口が悪いのは昔からのことだ。物の言い方が多少丸みを帯びた程度で、口の悪さ自体は一貫して変わっていない。
例えるなら、使ってるうちに刃が丸まった包丁みたいなものだ。スッと刃が入ることはないけれど、押し付ければ潰し切るように、とりあえずは切れる。刃が丸くなった分、かえってタチが悪くなっている。
自分を社会不適合者だとは思わないけれど、ど真ん中で同調できるかといえば、それは無理な話でしょうと納得をするぐらい、社会の周縁部にどうにかぶら下がってやってきた。

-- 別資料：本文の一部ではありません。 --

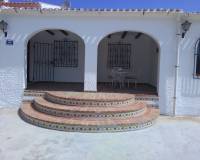 Alquiler a largo plazo - Villa - Jávea - Montgó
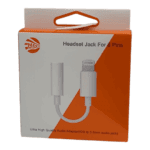 MG LIGHTING TO JACK ADAPTER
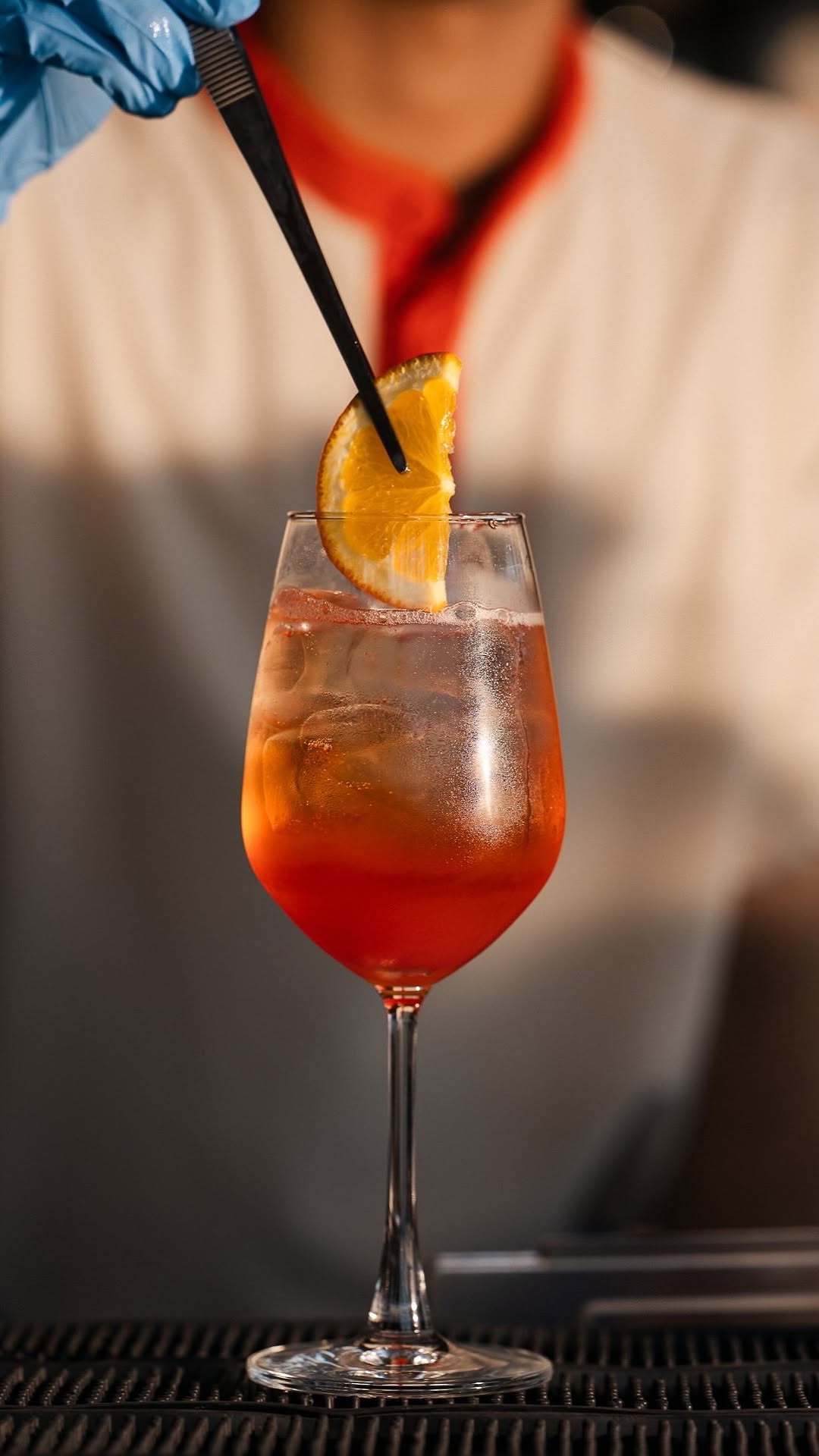 Sang Thai Seafood: professional high-quality cocktail photo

特にはみ出し者でも、アウトローでもなく、自分としては社会の邪魔にならない程度に首をすくめて生きてきたと思うのだが、人から見るとそれは甚だしい勘違いらしい。「どこからどう見てもアウトサイダーだろ」と、さも当然という顔で言われるし、「変わっている人」と言われるのはもはや自分の通り名なのではないかというくらい、何度も何人からも言われてきた。
もちろん彼らの意見がすべて間違っているとは言わない。でも僕としては「変わっている」のではなく、ただ「違いがある」だけなんじゃないかと思うのだ。

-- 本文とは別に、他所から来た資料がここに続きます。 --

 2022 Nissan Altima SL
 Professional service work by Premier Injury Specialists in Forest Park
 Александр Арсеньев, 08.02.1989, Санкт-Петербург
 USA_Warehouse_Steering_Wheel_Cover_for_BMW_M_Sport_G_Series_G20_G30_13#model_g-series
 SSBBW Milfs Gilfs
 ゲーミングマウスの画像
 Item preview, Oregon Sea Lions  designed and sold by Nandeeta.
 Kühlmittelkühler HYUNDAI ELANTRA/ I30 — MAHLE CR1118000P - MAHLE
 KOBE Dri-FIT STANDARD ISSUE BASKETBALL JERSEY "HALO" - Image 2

ともあれ社会全般から見たら僕は少数派で —— 決してユニークな存在だと思ったことはない。これだけ人間がいたら、同じような人はどこかに必ずいるとは思っていた —— 自分の妥協できる範囲にある間は、とりあえずできるだけ迷惑をかけないよう、波風を立てないようにしようと注意をしていた。
でも僕のような性格は、どれだけたがをはめても締め付けきれないらしく、ことあるごとに要らぬ波風が立ち、結果としていくばくかの不愉快な思いを誰かにさせることが多かった。
経験を重ねれば人は学ぶ。僕も学ぶ。
大学を出るときにどんな職業に就こうかと考え、最も適しているのは炭焼き職人ではないかと結論を出した。
社会の一端には繋がったまま、メインストリームからは遠く離れ、作業は炭焼き小屋で一人きり。これなら誰にも迷惑をかけることはあるまいと思ったのだ。
投票率の低さに呆然として、「頭の悪い奴に巻き込まれるのはごめんだ」と書いた。17歳の時からことあるごとに口にしていたことを、今もってなお言っているのだと気づいて、やはりあの時に炭焼き職人になり、社会の中心とはいささか距離を置いて生活していた方がよかったんじゃないかと、改めて思ったのだった。
僕は、自分のことは昔からちゃんとわかっていたのだ。
残念ながら、僕以外の誰もが、僕よりも世間を見ていただけで。
この教訓から学ぶことは一つもない。
悪しきサンプルになる程度だろう。